Region’s spending on renewable energy projects in the next quarter-century to be 8% more than global total
Led by major diversified energy initiatives undertaken by the GCC, Middle East countries are expected to invest $670 billion, which is more than eight per cent of the global spending, in renewable energy over the next 25 years.
According to estimates, there will be $12.2 trillion in cumulative spending worldwide towards power alone to 2040 with renewables taking the lion’s share at 65 per cent, which is roughly $8 trillion.
In the region, the UAE has already taken a major initiative by announcing in November plans to invest $35 billion to diversify its energy resources for power generation.
UAE Minister of Energy Suhail bin Mohammed Faraj Al Mazroui has said the UAE aims to decrease dependence on natural gas from around 100 per cent of power generation now to 70 per cent by 2021.
The UAE’s largest push in diversified energy supplies has been its $40 billion investment in civil nuclear energy, with one 1.4-gigawatt reactor planned to come online each year between 2017 and 2020, according to a report by the International Renewable Energy Agency and Masdar Institute published in April.
The UAE seeks to achieve at least 10 per cent use of renewable energy in its energy mix by 2030, saving around $ 1.9 billion annually, according to a recent Irena report. The country could also reduce carbon dioxide emissions by 29 mega-tonnes per year, and reduce health and environmental costs by $1 billion to $3.7 billion annually by 2030.
“Meeting all stated renewable energy targets in the GCC countries would save four billion barrels of oil and reduce emissions by 1.2 gigatonnes between now and 2030,” the Irena said. Worldwide, investments in solar is expected to account for $3.7 trillion, wind at $2.4 trillion and fossil fuels at $2.6 trillion.

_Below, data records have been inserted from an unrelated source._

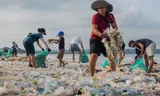 Een schoonmaakactie van honderden vrijwilligers op het strand van Kedonganan in Indonesië. Foto Keyza Widiatmika / NurPhoto via AFP 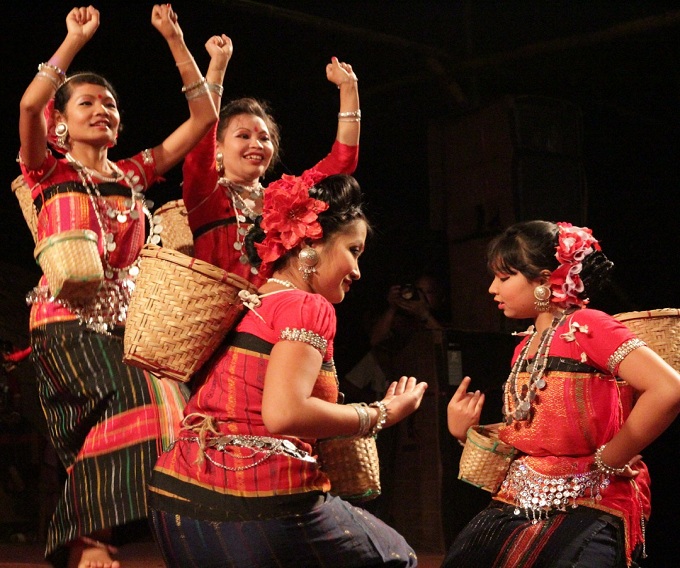 চাকমাদের বিজু উৎসবে নৃত্য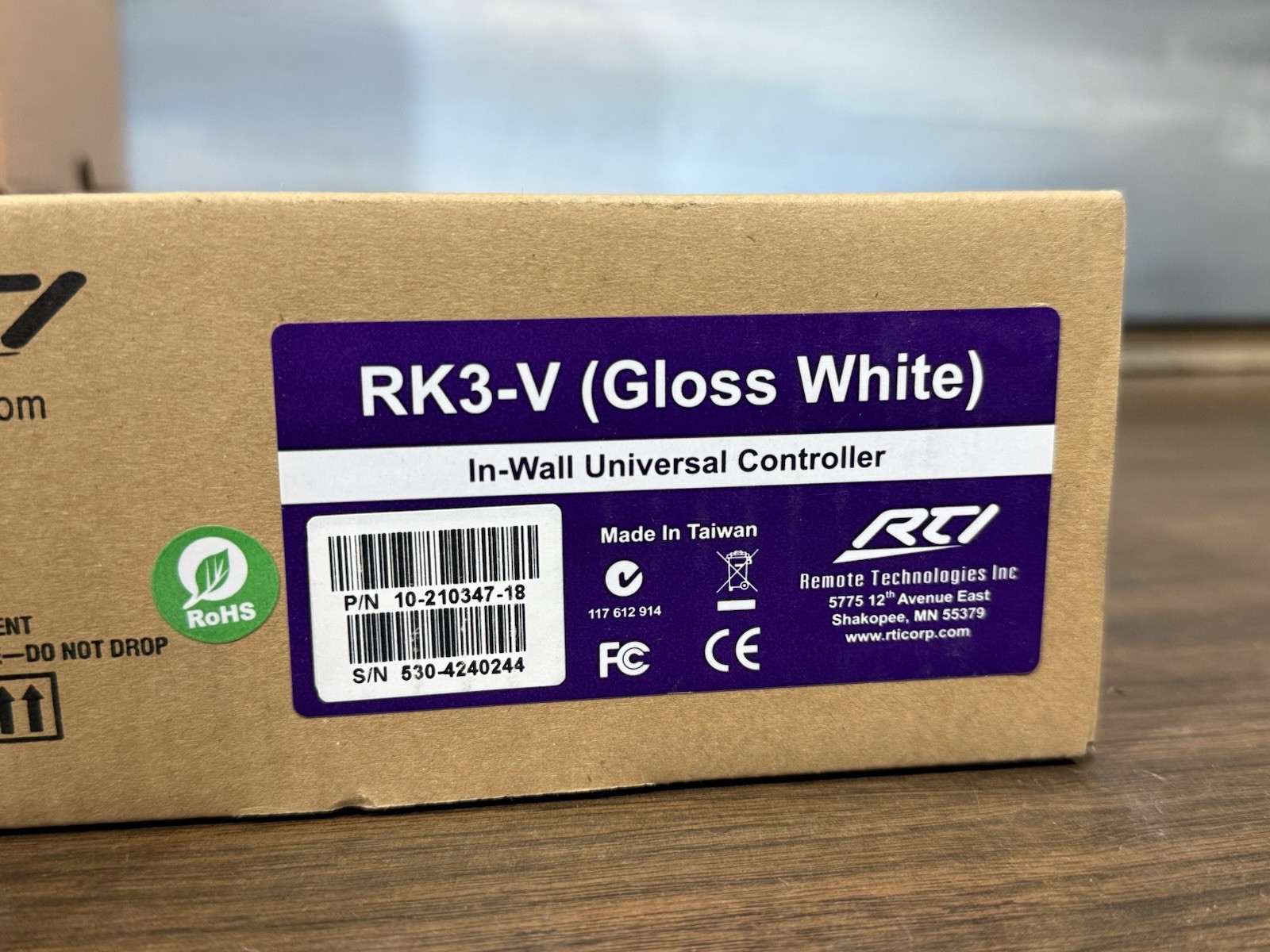RTi RK3-V RKV3 In Wall Universal Touchscreen Controller Gloss White (PRICE FOR 1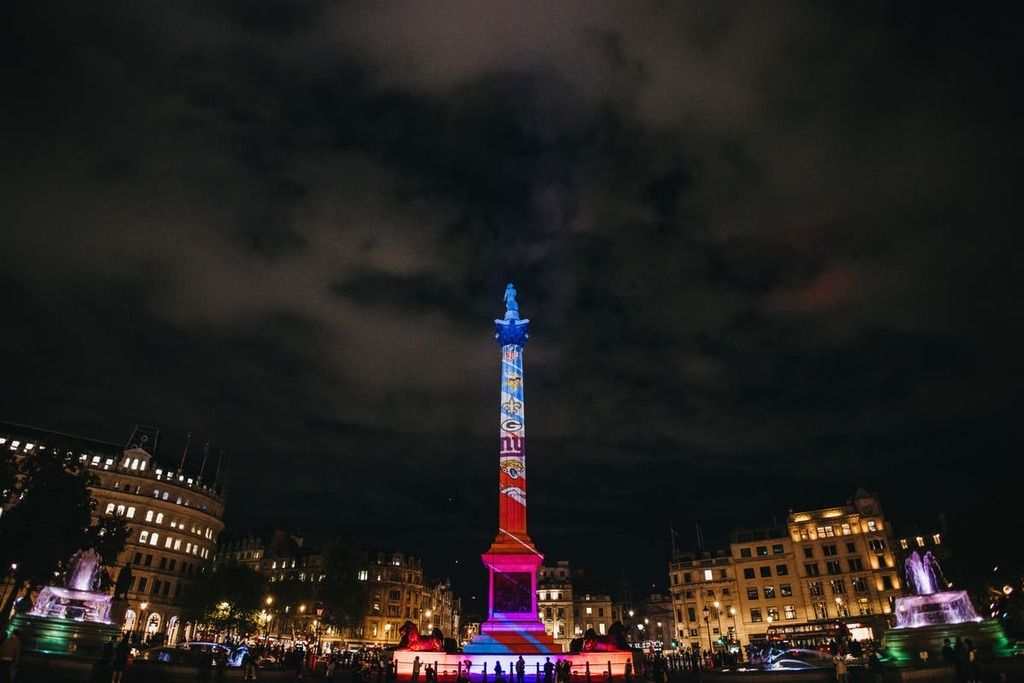 NFL lights up Trafalgar Square as Vikings vs Saints…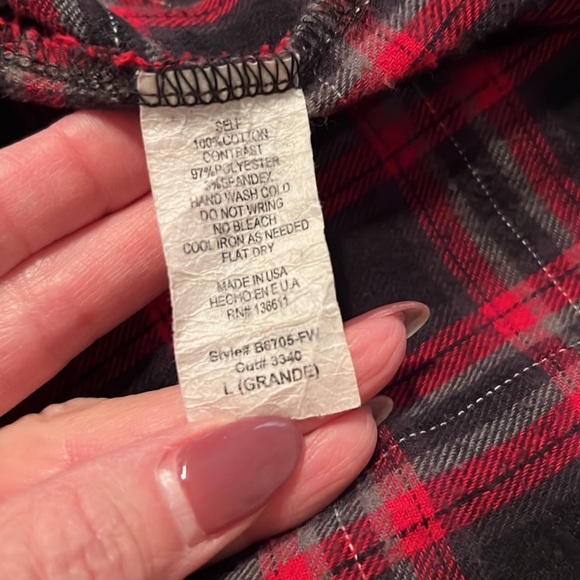 Red and Black cardigan. Size Large - Picture 4 of 5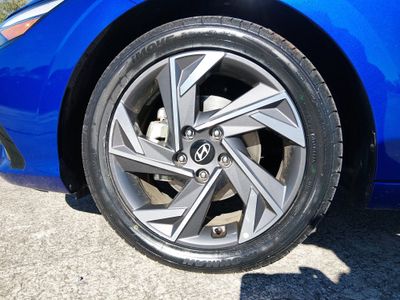 2025 Hyundai Elantra — photo 10 view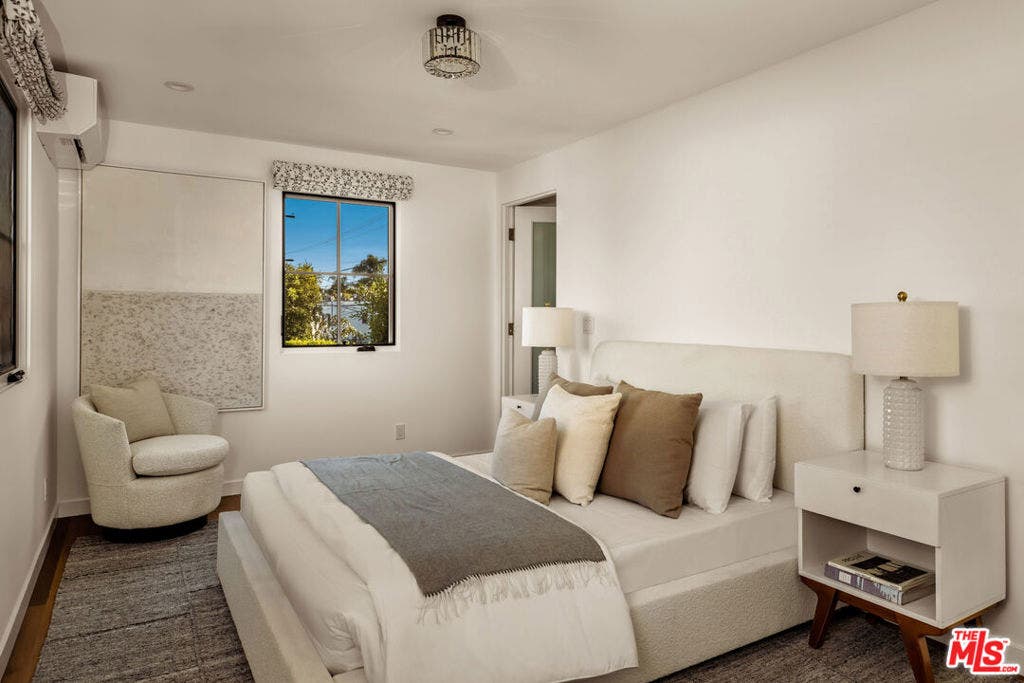 133 N La Jolla Avenue, Los Angeles, CA 90048 133 N La Jolla Avenue, Los Angeles, CA 90048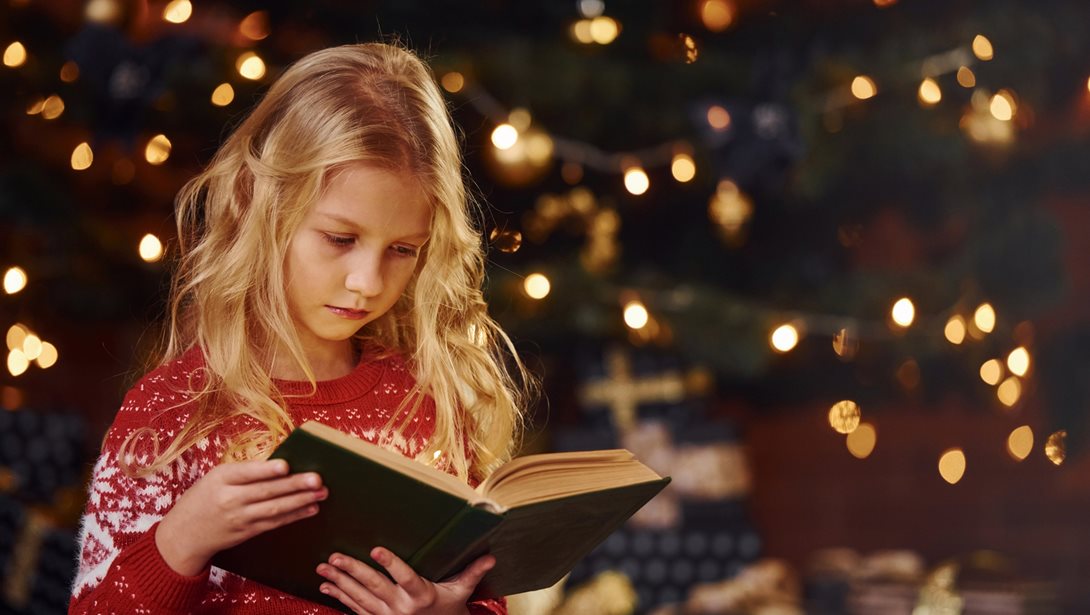 Ένα ανεκτίμητο δώρο: Το βιβλίο που συστήνει στα παιδιά τη μαγεία του Σαίξπηρ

“Global investments in energy efficiency have ranged from $130 billion to $300 billion/pa in recent years. By 2035, we are anticipating $8 to $14 trillion in investments – or $550 billion-plus in annual spending – both to meet growth in demand and make the transition to a lower-carbon economy. We believe that there is significant ‘low hanging fruit’ potential given that 80 per cent of energy is lost along the value chain, every dollar spent means $2-$4 in lifetime cost savings, and two-thirds of the economic potential to improve energy efficiency remains untapped. Investing in efficiency will also reduce mid- to long-term exposure to the risk of stranded assets vis-a-vis fossil fuels,” according to a recent report from BofA Merrill Lynch Global Research. By 2030, researchers estimate that the cost of climate change and air pollution combined will rise to 3.2 per cent of global GDP, with the world’s least-developed markets forecast to bear the brunt, suffering losses of up to 11 per cent of their GDP. But major economies will also take a hit, as extremes of weather and the associated damage – droughts, floods and more severe storms – could wipe out two per cent of the US’ GDP by 2030, while similar effects could cost China $1.2 trillion.
BofA Merrill Lynch estimates that the world requires around $93 trillion of investment in low-carbon infrastructure through 2030, or $6.2 trillion annually to achieve global growth expectations. Sixty per cent of this will take place in emerging market. China requires $450 billion per year, and India needs $165 billion annually through 2030 to meet climate targets. This translates into an additional $650 to $860 billion in investments pa through 2030, and up to 85 per cent of that must come from private capital.
“Green Bonds, fixed income instruments where proceeds are earmarked for environmental solutions, are key to mobilising private capital for environmental needs. They provide derisking, scale and liquidity for climate finance in both developed and emerging economies. Green Bonds and other innovations could enable around $120 billion of incremental annual investment by 2020,” the BofA Merrill Lynch report said.
It said 2015, the fourth consecutive record year for Green Bond issuance, saw $42.3 billion issued through November 27, surpassing $38 billion of issuance in 2014, the year Green Bonds took off.
“We expect issuance of $50-$60 billion of Green Bonds in 2016, implying a cumulative annual growth rate of 10-30 per cent.”